The trial judge did not err in finding the complainant reliable
[8] The appellant submits that it was unreasonable for the trial judge to accept the complainant’s evidence as reliable given that she did not remember aspects of her evidence and had to be assisted by reviewing transcripts from the preliminary hearing.
[9] There is no merit to this argument. It is essentially an invitation to the court to remake the trial judge’s reliability findings. That is not our role on appeal. The trial judge acknowledged memory shortcomings in the complainant’s evidence but found that these concerned relatively minor matters and did not undermine her credibility. She made no error in doing so, much less a palpable and overriding error that warrants intervention on appeal. The trial judge’s reliability findings are entitled to deference in this court.
Sentence Appeal
[10] The appellant has served the carceral portion of his sentence. He challenges the lifetime SOIRA order that was imposed automatically in accordance with Criminal Code provisions (ss. 490.012 and 490.013(2.1)) then in effect. Those provisions were subsequently declared to be unconstitutional and so of no force or effect, although the declaration in respect of s. 490.012 was suspended for a one-year period: R. v. Ndhlovu, 2022 SCC 38, 474 D.L.R. (4th) 389, at para. 143. The appellant seeks to have the lifetime order reduced to 20 years and filed a notice of constitutional question seeking a remedy under s. 24(1) of the Canadian Charter of Rights and Freedoms.
[11] Subsection 490.05(1) of the Criminal Code permits an application to vary the term of a lifetime order made pursuant to s. 490.012. Subsection (4) requires an applicant to establish that the offences committed do not demonstrate or form part of “a pattern of behaviour showing that the person presents an increased risk or reoffending by committing a crime of a sexual nature”.

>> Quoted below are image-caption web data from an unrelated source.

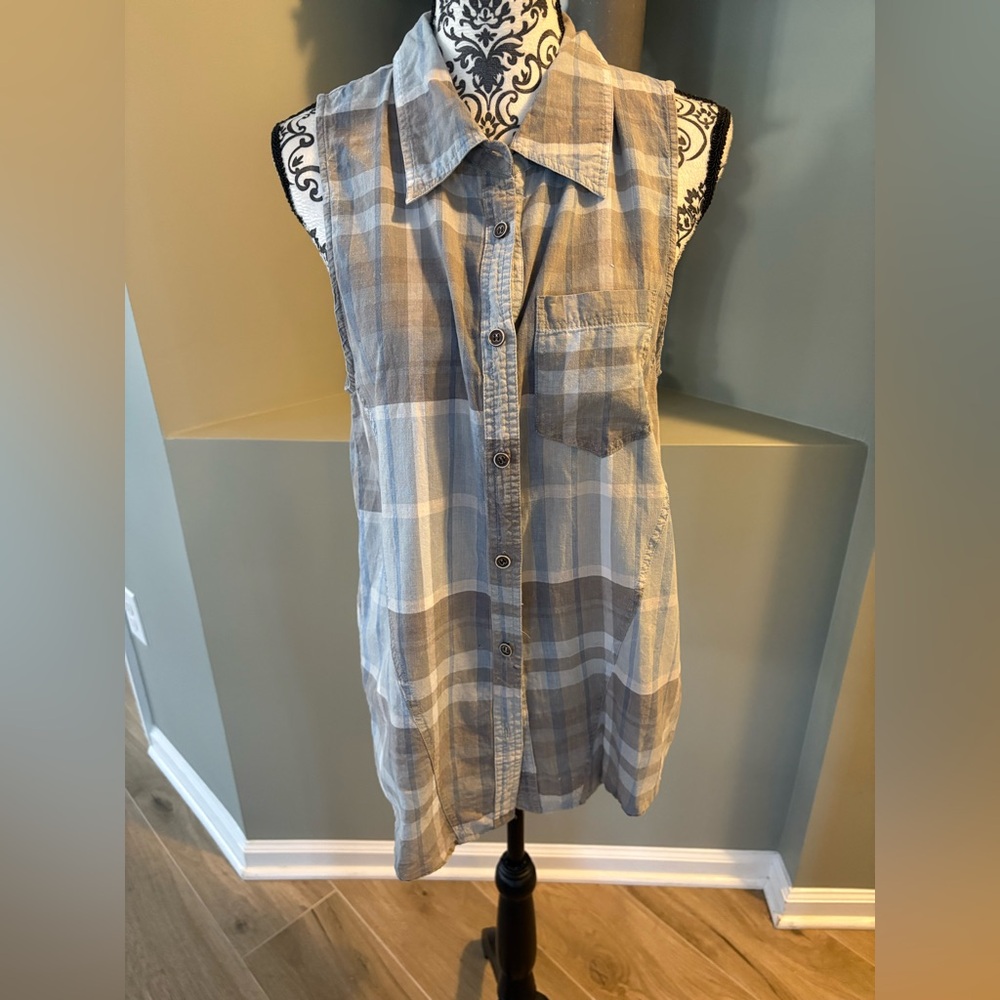 Sleeveless Plaid Button-Up Shirt size large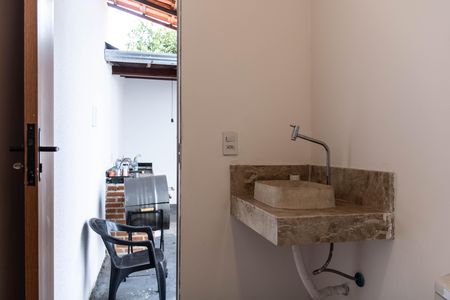 Casa para alugar com 170m², 3 quartos e 2 vagasLavabo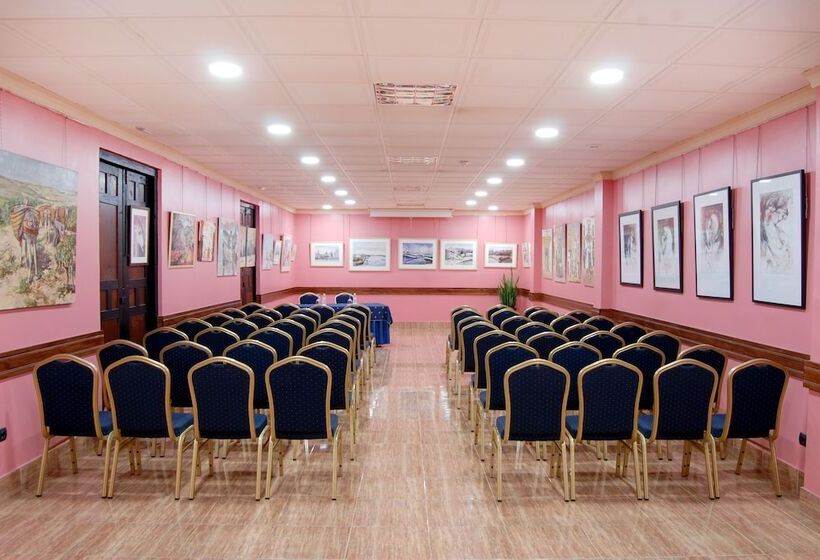 בית מלון כפרי Pinomar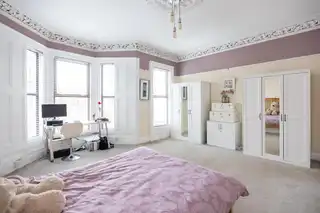 1 Chichester AvenueImage 15
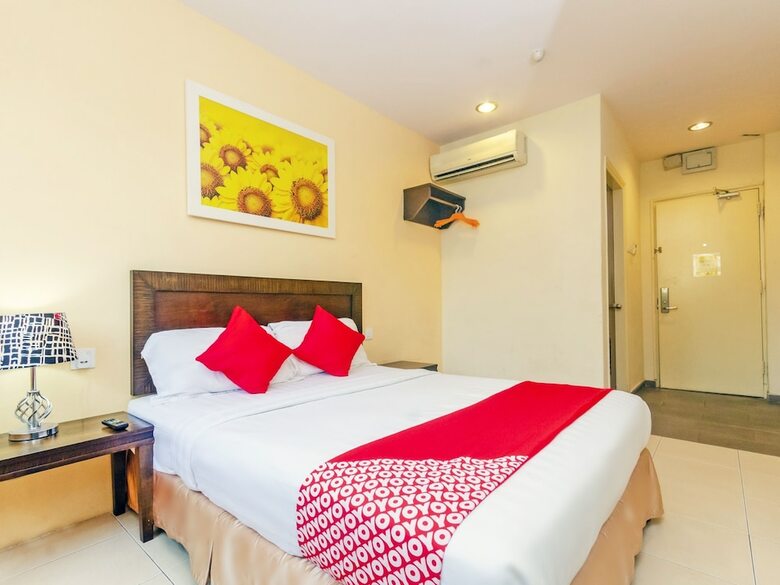 Oyo 884 Sun Flower Express Hotel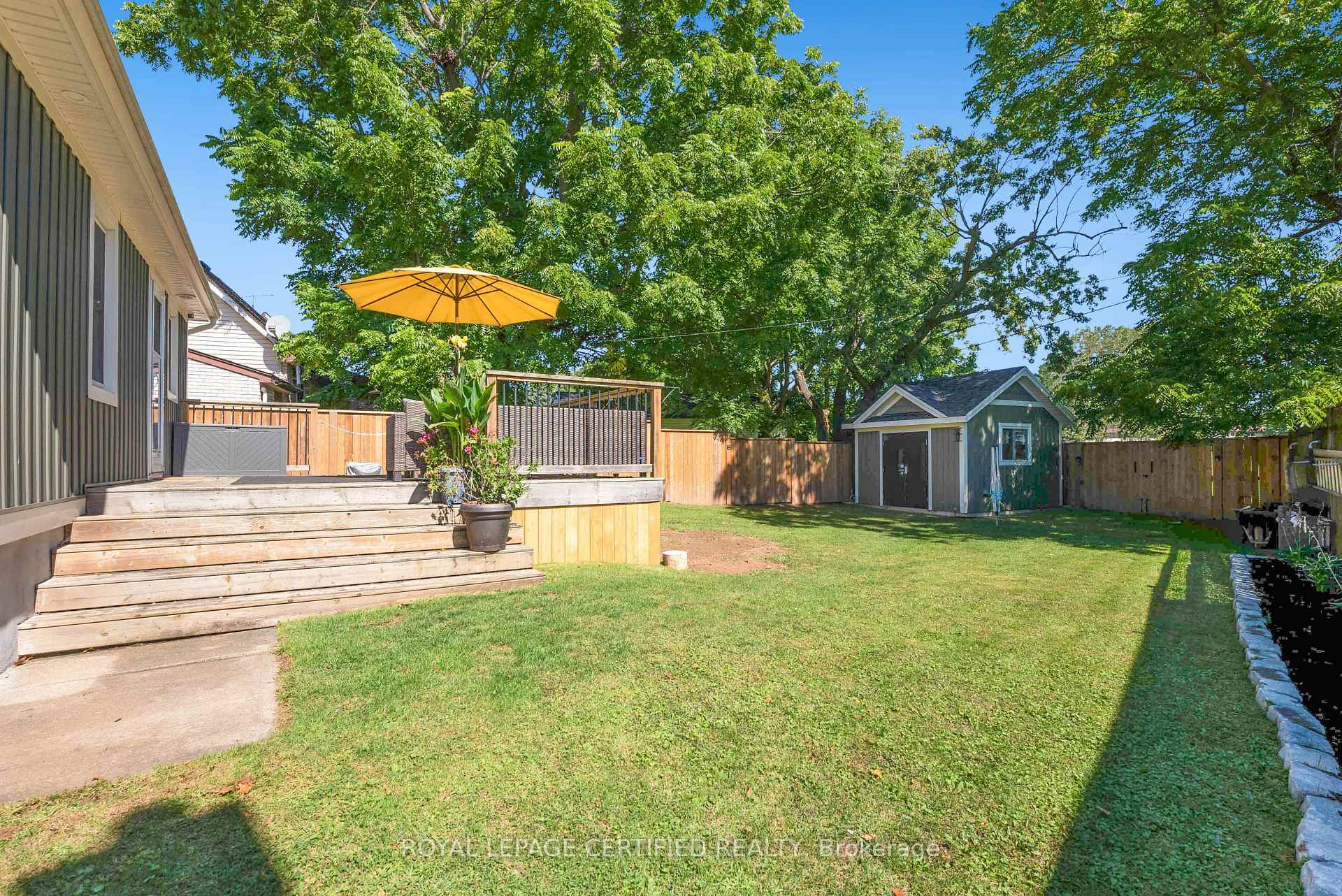 Photo 24 of 6077 Collins Drive, Niagara Falls, Arad/Fallsview — HOMEH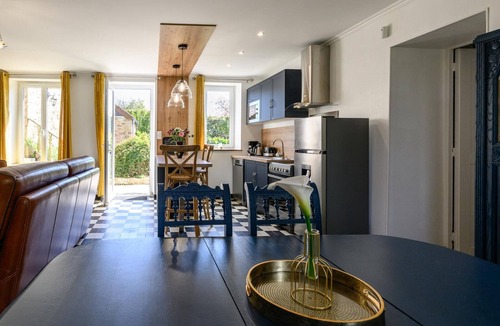 Saint-Pierre-Eglise Cottage | Charming house, enclosed garden - 4 guests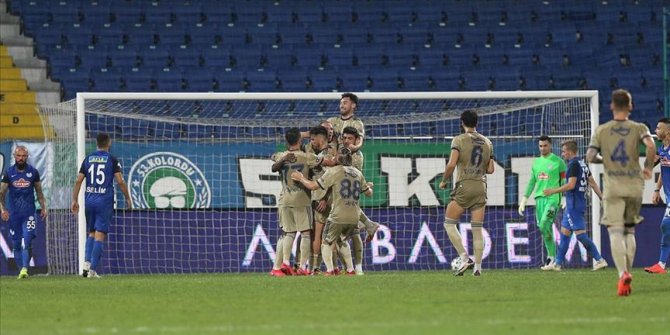 Fenerbahçe sezonun ilk maçında kazandı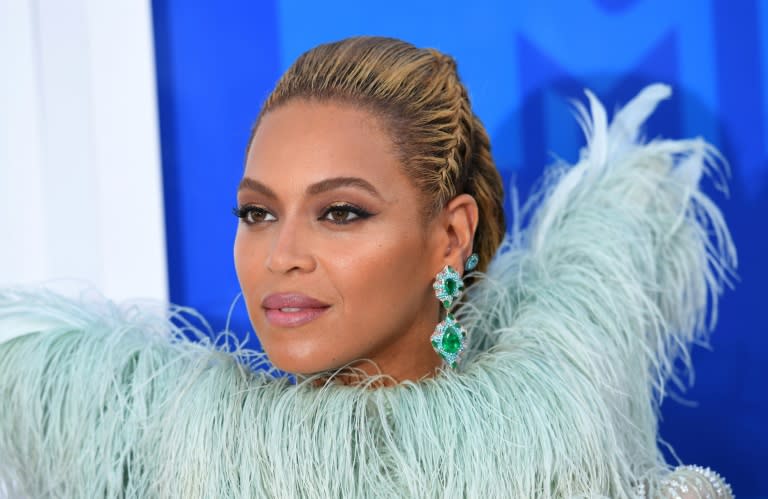 Beyonce tops US songs chart for first time in over a decade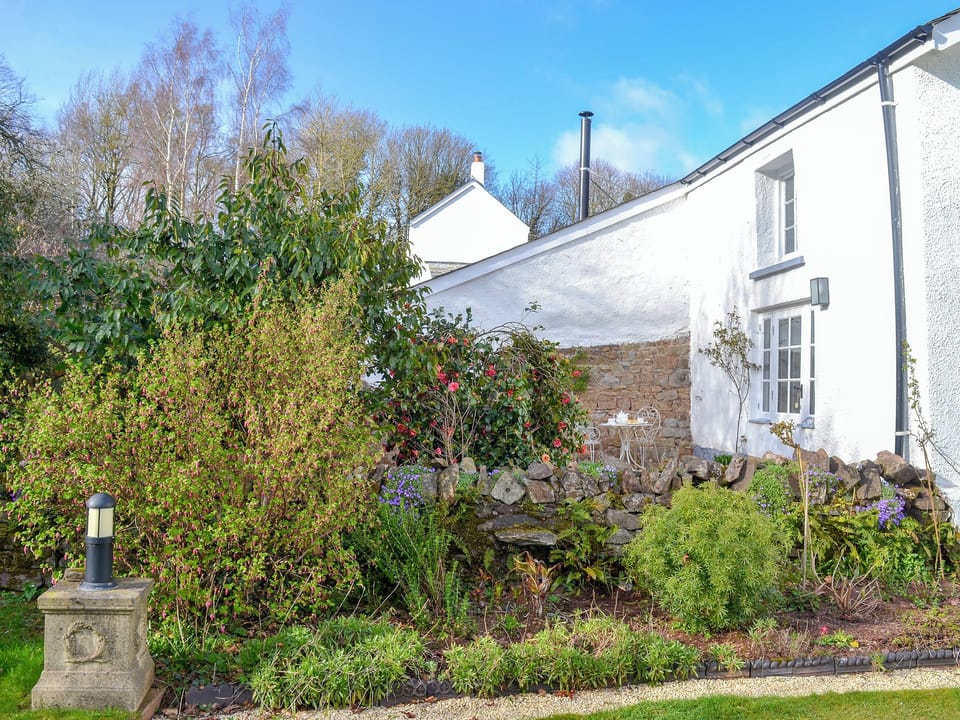 Garden | Manor Cottage - Grattan Manor Cottages, Bow, near Crediton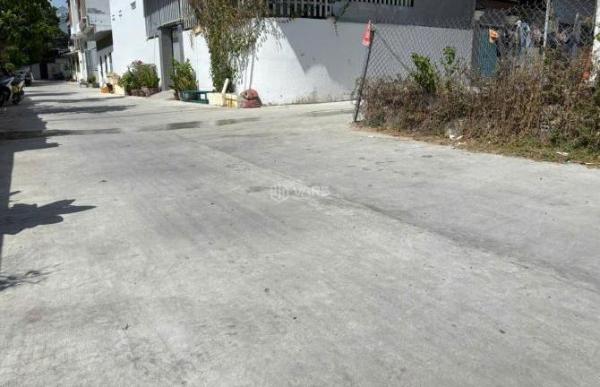 Bán nhanh 🏦 lô đất 2 mặt tiền hẻm ô tô nguyễn chích - bắc nha trang Thông thoáng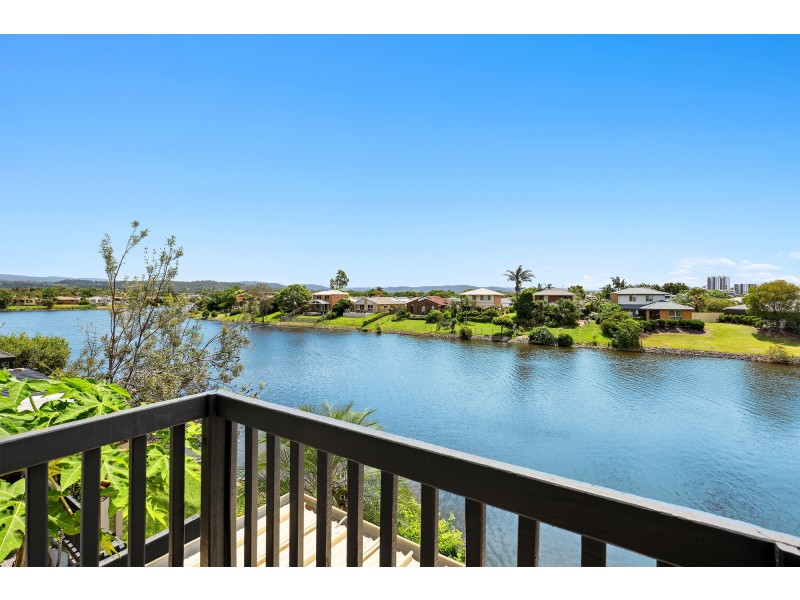 2/6 Lowood Court, Varsity Lakes QLD 4227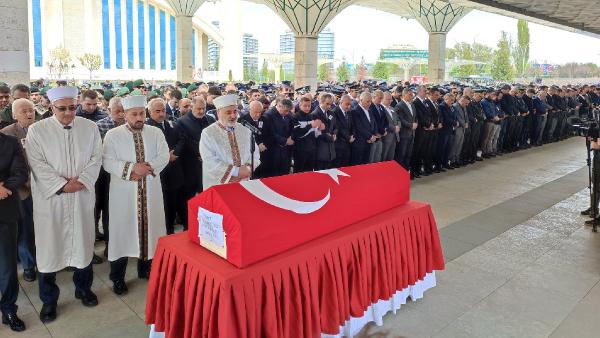 Şehit Polis Özgür Barçın, Ankara'da son yolculuğuna uğurlandı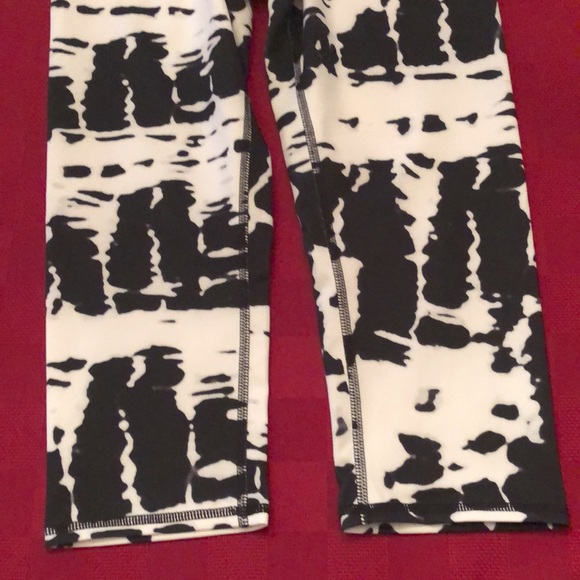 Alo Cropped Airbrush Legging in Black White Print Size Small - Picture 7 of 17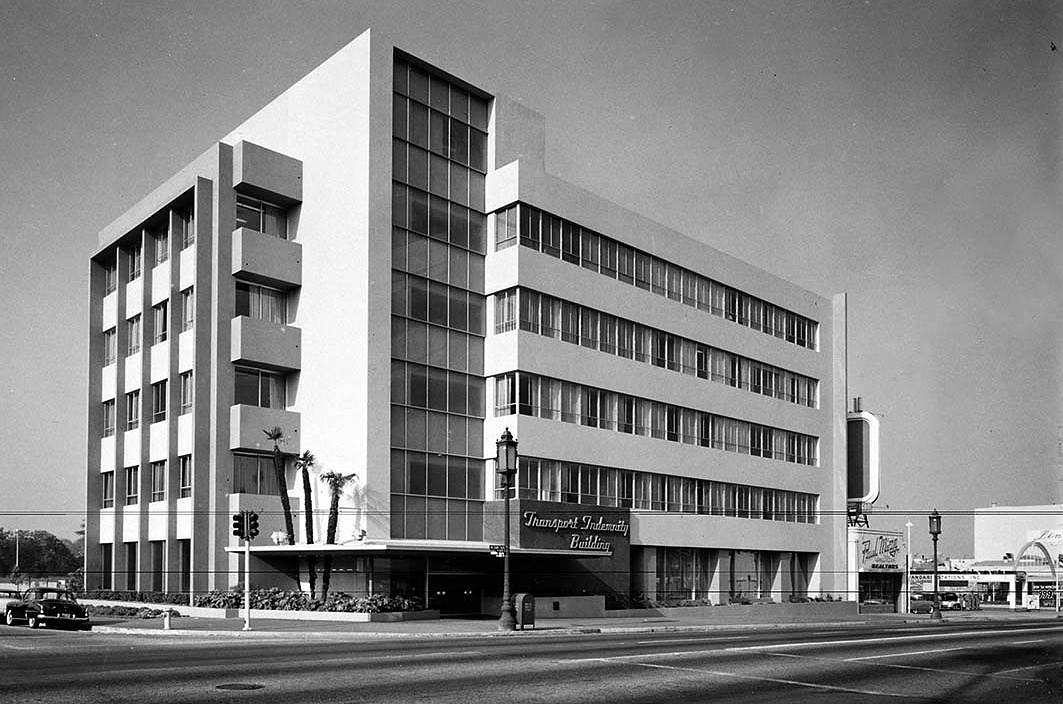 WILSHIRE BOULEVARD Historic Los Angeles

[12] The Crown accepts that this court has jurisdiction to make the requested order but argues that the matter should be remitted to the trial judge for proceedings pursuant to s. 490.05(4). We agree. The evidentiary record that would permit the court to substitute a 20-year term for the lifetime SOIRA order is simply not present. We do not agree with the appellant that the reasons for sentencing are adequate for this purpose. Those reasons were written for purpose of determining the appropriate sentence rather than assessing future risk, a question to which a number of additional considerations may be relevant, including expert evidence.
[13] Accordingly, leave to appeal sentence is granted but the sentence appeal is dismissed, without prejudice to the appellant’s right to apply to the Superior Court to vary the length of the SOIRA order.
“Grant Huscroft J.A.”
“P.J. Monahan J.A.”
“S. Gomery J.A.”
Publication Ban
[1] This appeal is subject to a publication ban pursuant to s. 486.4 of the Criminal Code, R.S.C. 1985, c. C-46.
Note on Gender Identity
[2] Note that the appellant identified as a woman at the time of trial and was referred to by the trial judge using female pronouns. According to the appellant’s factum, the appellant now identifies as a man with the pronouns he/him.